> **Source data**:
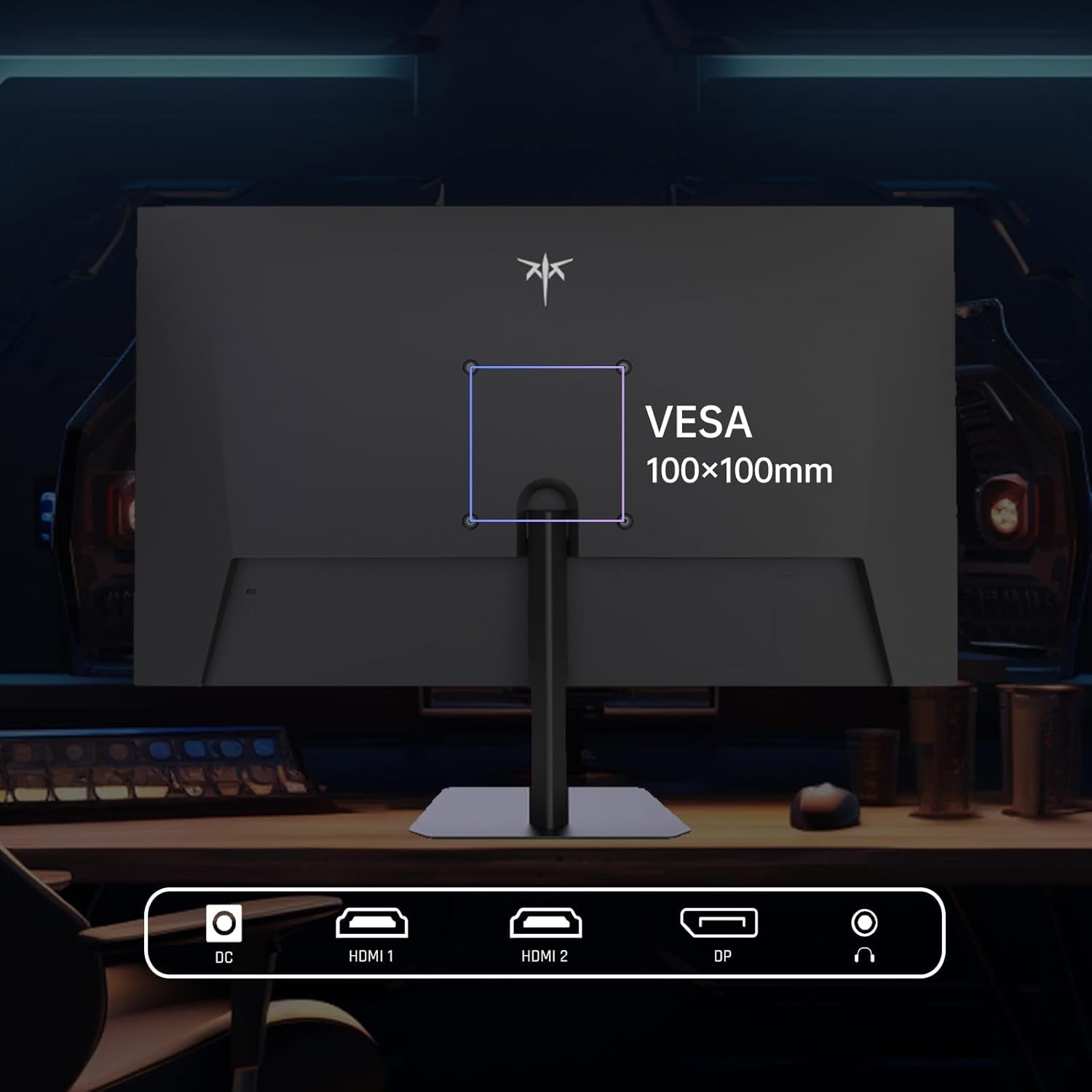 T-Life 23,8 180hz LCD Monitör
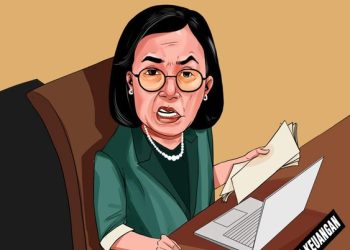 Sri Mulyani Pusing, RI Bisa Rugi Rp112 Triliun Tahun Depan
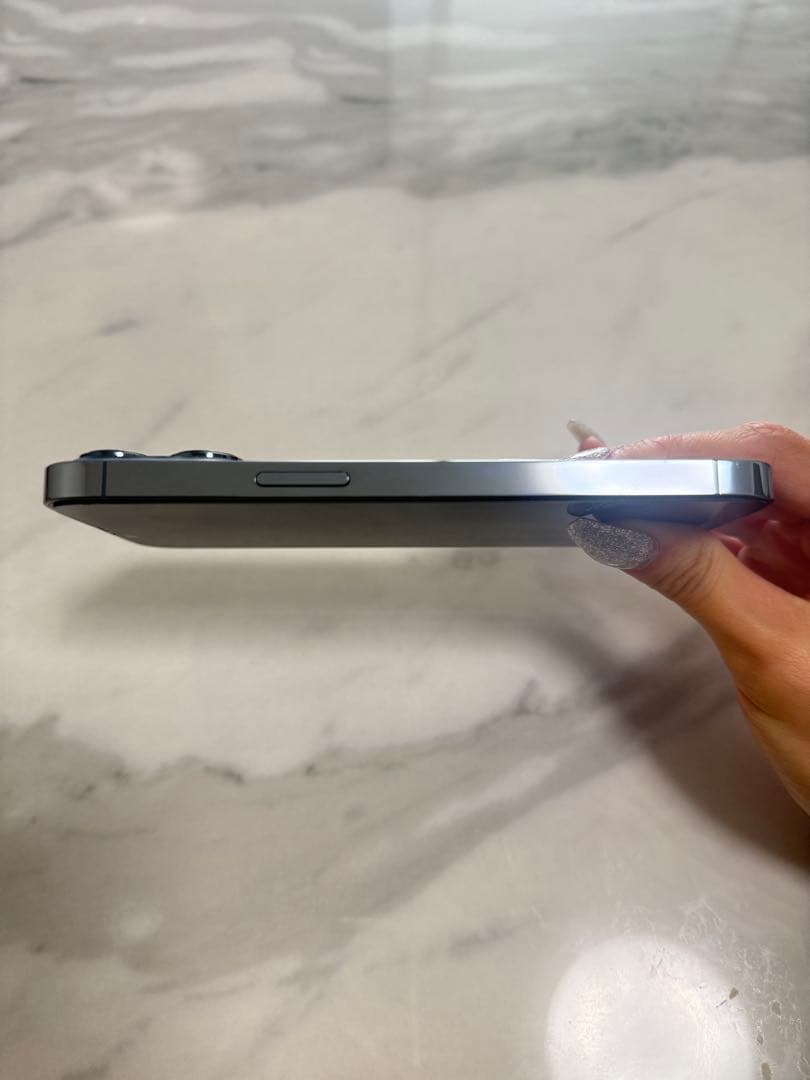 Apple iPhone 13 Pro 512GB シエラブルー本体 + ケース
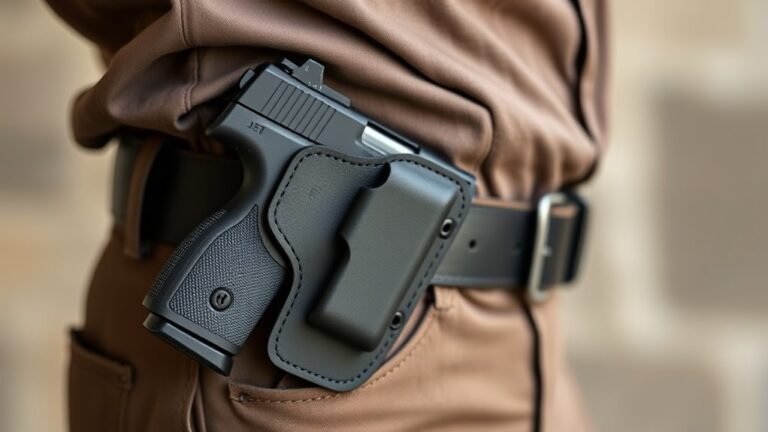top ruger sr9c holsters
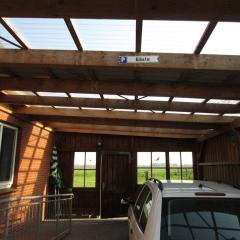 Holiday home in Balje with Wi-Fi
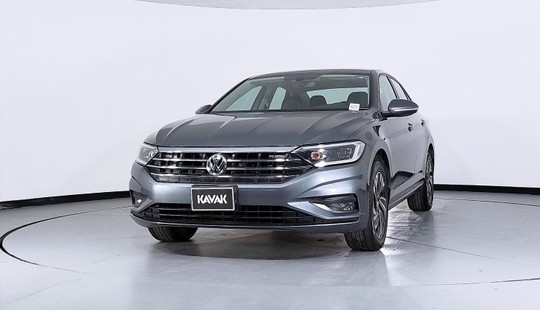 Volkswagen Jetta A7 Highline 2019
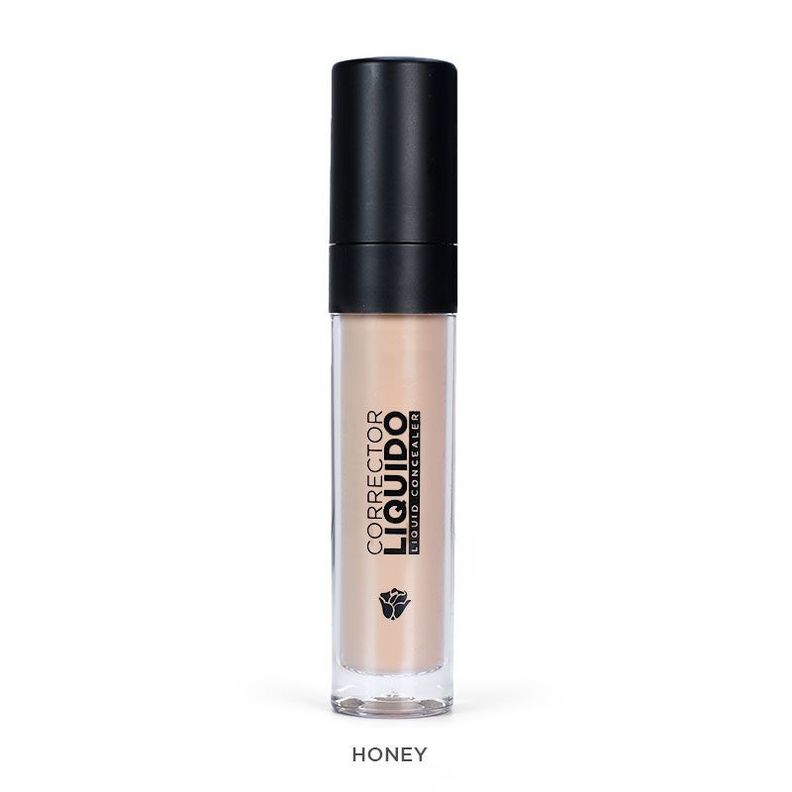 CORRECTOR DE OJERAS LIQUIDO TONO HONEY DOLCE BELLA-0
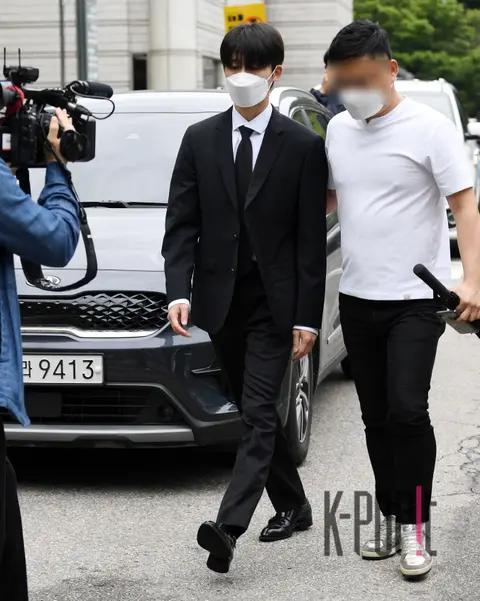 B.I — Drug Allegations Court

> **Exercise aim**: Extract the run of lines beginning with the line that holds "Apple iPhone 13 Pro 512GB シエラブルー本体 + ケース" and ending at the last line of the data, inclusive. Exclude any pictures from the copy.

> **Solution to the exercise**:
 Apple iPhone 13 Pro 512GB シエラブルー本体 + ケース
top ruger sr9c holsters
 Holiday home in Balje with Wi-Fi
 Volkswagen Jetta A7 Highline 2019
 CORRECTOR DE OJERAS LIQUIDO TONO HONEY DOLCE BELLA-0
 B.I — Drug Allegations Court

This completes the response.